Consider course sharing and 2+2 programs in high-demand, but costly, difficult-to-staff areas of study. Or how about supplementing study abroad with the opportunity to spend a semester or academic year at another campus? (Certainly, among the high points of my undergraduate education was the time I spent at Fisk University, where I had the opportunity to work with the writer Arna Bontemps and the artist Aaron Douglas.)

7. Make the academic experience more attractive and distinctive.

Good ideas lie all around us. Cohorts offer a way to place relationships at the center of the student experience. You might place many, indeed most, students into a cohort, whether in a meta major, a learning community or a research or opportunity program. Not only does participation in an interest group enhance a sense of belonging, it helps students identify the major that they wish to pursue.

Expand research and internship opportunities. Integrate certification and skills badges into the curriculum. Offer more studio, field and clinical experiences and workshop classes.

All of us hope that vaccination will allow for a post-crisis return to some semblance of normality. But normal should not mean the restoration of the old ways of doing business.
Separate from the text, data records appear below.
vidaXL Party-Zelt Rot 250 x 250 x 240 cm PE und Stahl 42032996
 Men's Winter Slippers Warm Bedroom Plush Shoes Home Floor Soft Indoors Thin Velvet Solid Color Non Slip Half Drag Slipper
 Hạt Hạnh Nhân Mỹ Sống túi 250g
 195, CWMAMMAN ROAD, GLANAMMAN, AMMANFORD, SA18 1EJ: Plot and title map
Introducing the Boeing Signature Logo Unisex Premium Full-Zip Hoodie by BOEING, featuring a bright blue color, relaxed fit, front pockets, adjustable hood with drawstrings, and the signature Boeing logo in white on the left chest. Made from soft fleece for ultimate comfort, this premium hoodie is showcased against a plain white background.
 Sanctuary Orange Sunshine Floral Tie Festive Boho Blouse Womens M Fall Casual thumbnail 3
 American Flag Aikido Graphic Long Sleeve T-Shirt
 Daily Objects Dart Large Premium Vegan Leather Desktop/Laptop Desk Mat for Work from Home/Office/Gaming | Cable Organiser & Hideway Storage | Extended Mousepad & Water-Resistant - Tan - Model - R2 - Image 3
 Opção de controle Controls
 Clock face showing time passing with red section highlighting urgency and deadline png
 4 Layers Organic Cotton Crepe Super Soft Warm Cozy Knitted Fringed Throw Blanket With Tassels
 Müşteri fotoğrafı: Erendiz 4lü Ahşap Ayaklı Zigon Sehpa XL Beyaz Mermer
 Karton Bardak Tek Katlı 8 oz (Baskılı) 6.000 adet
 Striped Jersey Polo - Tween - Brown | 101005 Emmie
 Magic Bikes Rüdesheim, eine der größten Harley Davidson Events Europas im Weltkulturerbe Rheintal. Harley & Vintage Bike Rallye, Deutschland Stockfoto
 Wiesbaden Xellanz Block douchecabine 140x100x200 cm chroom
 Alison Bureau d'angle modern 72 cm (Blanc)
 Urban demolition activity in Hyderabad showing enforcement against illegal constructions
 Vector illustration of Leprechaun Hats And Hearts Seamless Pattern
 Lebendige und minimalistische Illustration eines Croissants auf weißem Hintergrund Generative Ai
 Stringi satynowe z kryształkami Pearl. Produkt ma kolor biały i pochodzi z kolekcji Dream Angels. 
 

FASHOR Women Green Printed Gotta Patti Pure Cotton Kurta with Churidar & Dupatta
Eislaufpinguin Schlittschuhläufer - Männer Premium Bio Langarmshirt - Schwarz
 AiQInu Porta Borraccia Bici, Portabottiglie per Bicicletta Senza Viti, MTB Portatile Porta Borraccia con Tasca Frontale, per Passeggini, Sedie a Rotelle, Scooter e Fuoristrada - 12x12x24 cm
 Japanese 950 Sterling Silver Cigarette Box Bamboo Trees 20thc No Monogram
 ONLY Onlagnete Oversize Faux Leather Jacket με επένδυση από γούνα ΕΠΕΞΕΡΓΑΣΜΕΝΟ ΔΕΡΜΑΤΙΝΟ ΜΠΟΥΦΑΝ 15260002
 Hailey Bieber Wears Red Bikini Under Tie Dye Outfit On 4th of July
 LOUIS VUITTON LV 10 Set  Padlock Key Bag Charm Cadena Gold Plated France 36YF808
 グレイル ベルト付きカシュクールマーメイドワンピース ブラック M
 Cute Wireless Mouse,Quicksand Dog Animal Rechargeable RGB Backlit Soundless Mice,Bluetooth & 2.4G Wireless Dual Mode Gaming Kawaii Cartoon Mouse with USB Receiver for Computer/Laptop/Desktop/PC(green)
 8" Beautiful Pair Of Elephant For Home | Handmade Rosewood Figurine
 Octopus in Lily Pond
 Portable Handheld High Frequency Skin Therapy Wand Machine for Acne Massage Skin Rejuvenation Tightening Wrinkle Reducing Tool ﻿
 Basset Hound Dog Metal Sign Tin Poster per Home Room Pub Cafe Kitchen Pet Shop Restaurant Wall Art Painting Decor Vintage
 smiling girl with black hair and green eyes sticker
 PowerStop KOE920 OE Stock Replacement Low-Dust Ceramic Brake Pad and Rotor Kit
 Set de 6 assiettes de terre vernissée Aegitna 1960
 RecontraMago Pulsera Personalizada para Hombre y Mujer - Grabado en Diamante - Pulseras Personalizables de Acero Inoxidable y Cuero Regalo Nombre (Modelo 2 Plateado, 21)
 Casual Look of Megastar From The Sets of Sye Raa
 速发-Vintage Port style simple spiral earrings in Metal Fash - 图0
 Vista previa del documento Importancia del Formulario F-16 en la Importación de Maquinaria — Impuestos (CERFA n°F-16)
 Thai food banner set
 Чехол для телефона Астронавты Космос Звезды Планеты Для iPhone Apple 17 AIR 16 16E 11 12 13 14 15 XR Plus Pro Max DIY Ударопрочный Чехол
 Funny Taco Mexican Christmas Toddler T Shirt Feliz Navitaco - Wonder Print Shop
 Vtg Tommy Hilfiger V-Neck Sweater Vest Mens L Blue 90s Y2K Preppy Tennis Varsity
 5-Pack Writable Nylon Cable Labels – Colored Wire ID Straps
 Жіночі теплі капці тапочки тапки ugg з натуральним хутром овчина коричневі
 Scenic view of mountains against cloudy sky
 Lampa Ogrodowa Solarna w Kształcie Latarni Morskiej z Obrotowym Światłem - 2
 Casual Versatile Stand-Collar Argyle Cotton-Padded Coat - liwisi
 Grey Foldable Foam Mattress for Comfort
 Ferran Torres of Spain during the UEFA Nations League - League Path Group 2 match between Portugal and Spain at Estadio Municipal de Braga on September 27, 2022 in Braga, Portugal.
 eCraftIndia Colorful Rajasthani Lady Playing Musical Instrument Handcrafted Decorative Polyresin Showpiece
Going back to the old normal would make sense if pre-pandemic higher education had been challenge-free. It wasn’t. We are now in a position to create a new normal that will accommodate greater flexibility and that will open our doors to new student populations.

There are three areas where I think we have no option but to change.

We must better serve populations previously underserved. These range from high school students who need to be college ready to community college students who want a bachelor’s degree to displaced workers who need to reskill or upskill.
We must do much more to advance equity. That means more aggressive recruitment, greater equity in admissions and financial aid, and greater equity in outcomes -- not just higher retention and graduation rates but more diverse students graduating with degrees in high-demand fields.
We must design for greater flexibility. Now that nontraditional students represent the new student majority, we need to offer an educational experience that better meets their needs. That will certainly mean making more courses available online and offering courses at times that will make it easier for students to combine their studies with work and caregiving responsibilities. It will require us to double down on the kinds of student services that pay off: intensive, targeted advising; degree mapping and career planning; bridge programs, supplemental instruction, tutoring and grants targeting retention and completion. It also means offering more on-campus jobs.

Rather than viewing the pandemic wholly negatively, we’d do better to consider it a hard-earned learning experience that has opened our eyes, challenged us and driven us to make long-overdue reforms.

We’d be remiss if we failed to learn the pandemic’s lessons.